[Records for processing]:
****
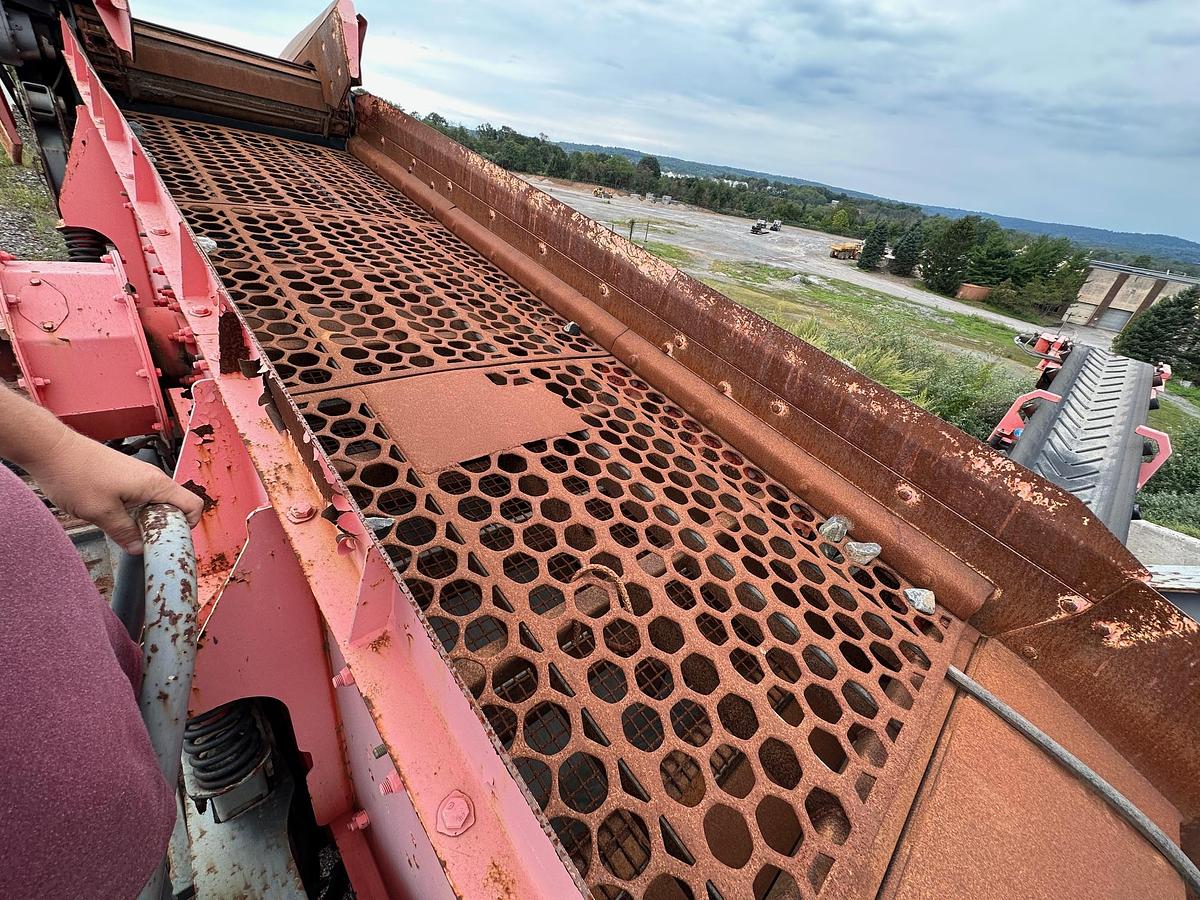 Used 2013 SANDVIK QE341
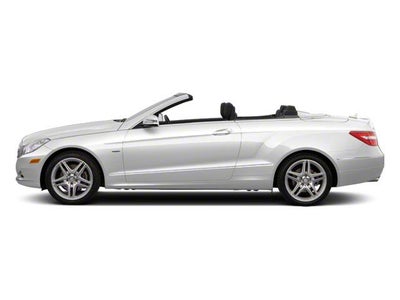 2011 Mercedes-Benz E-Class E 350 Cabriolet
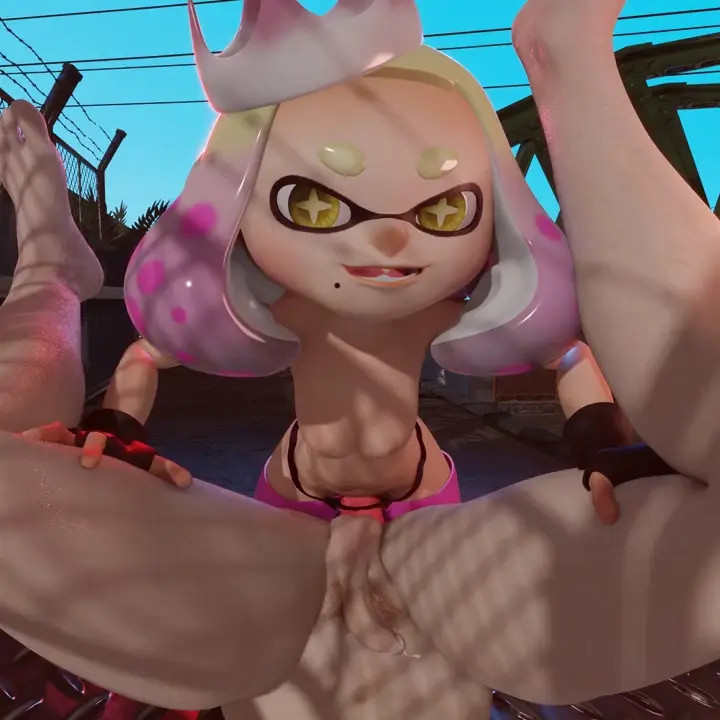Pearl fucking Male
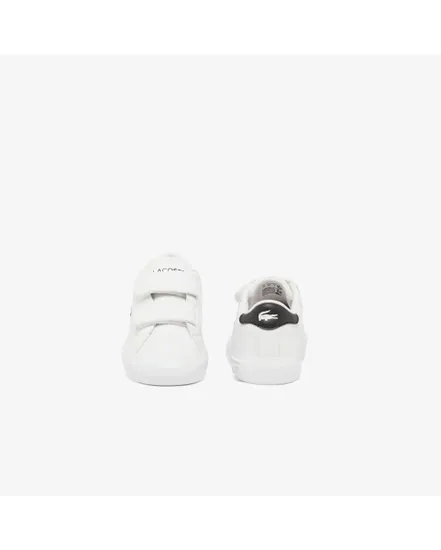 Chaussures Bébé POWERCOURT 125 Blanc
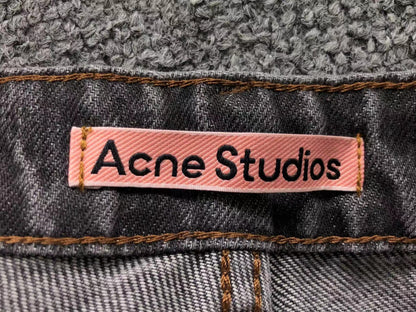 Calça Acne Studios Washed Baggy Denim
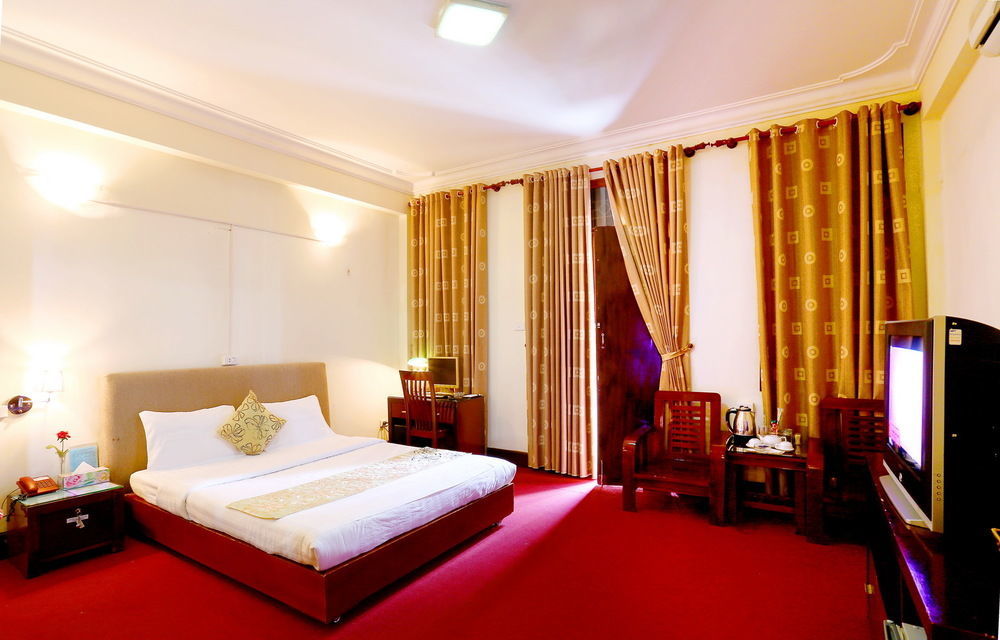 A25 Hotel - 45B Giang Vo Hanoi Eksteriør bilde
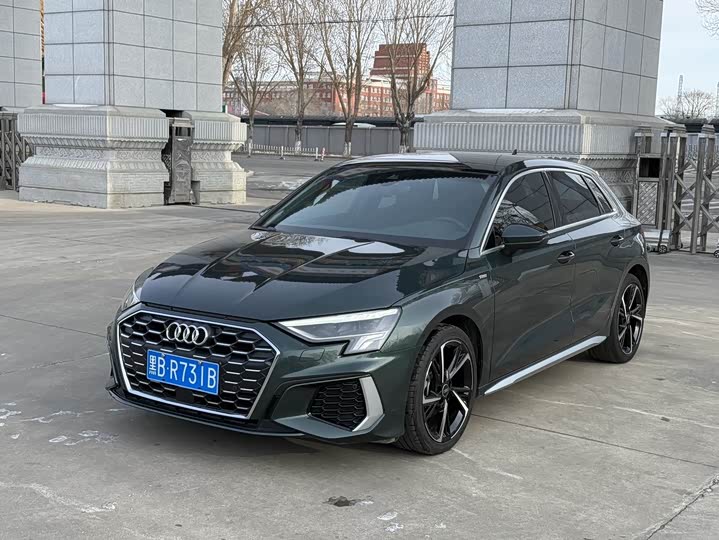 Фото 1 - Audi A3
****
[What the task requires]:
Only the text of the entries belongs in the answer, copied exactly; the pictures stay out.

[Completed exercise]:
 Used 2013 SANDVIK QE341
 2011 Mercedes-Benz E-Class E 350 Cabriolet
Pearl fucking Male
 Chaussures Bébé POWERCOURT 125 Blanc
 Calça Acne Studios Washed Baggy Denim
 A25 Hotel - 45B Giang Vo Hanoi Eksteriør bilde
 Фото 1 - Audi A3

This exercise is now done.